EXERCISE BRIEF:
Everything in the listing should be set down exactly, apart from the pictures.

PROVIDED DATA:

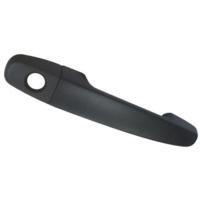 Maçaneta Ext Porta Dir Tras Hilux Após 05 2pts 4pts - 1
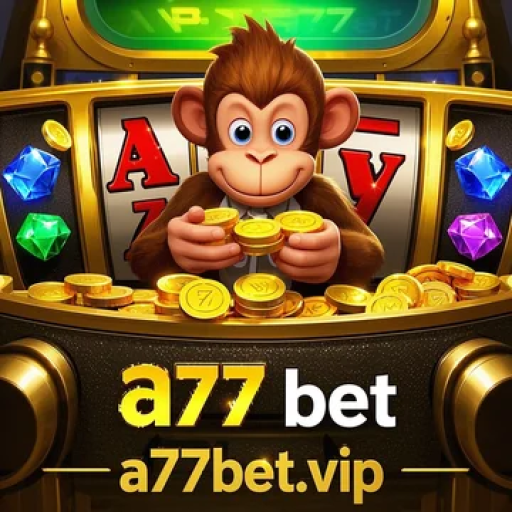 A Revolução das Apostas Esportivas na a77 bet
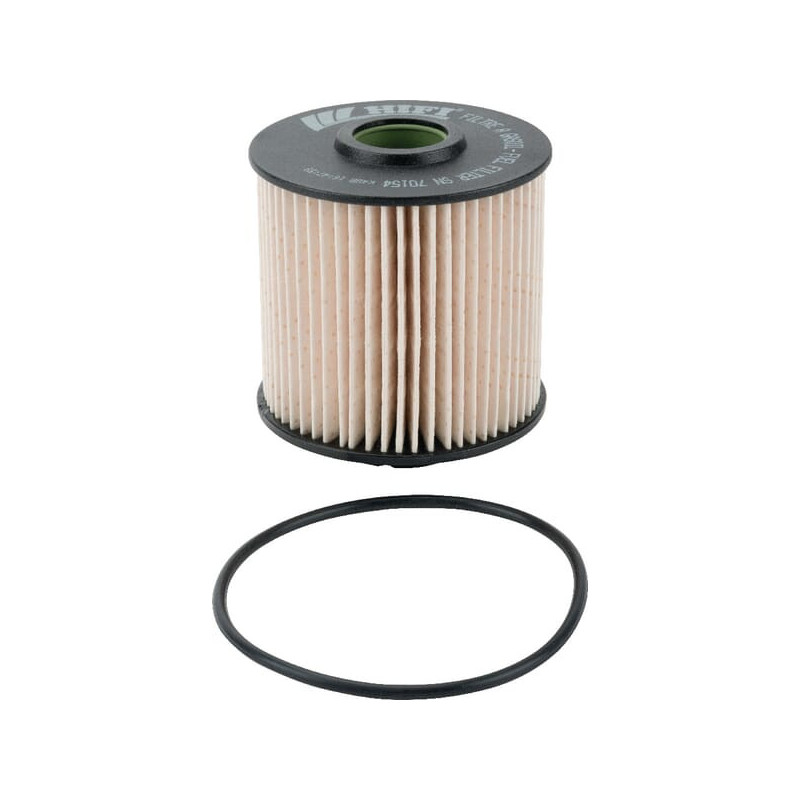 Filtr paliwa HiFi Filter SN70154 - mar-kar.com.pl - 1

PROBLEM SOLUTION:
 Maçaneta Ext Porta Dir Tras Hilux Após 05 2pts 4pts - 1
 A Revolução das Apostas Esportivas na a77 bet
 Filtr paliwa HiFi Filter SN70154 - mar-kar.com.pl - 1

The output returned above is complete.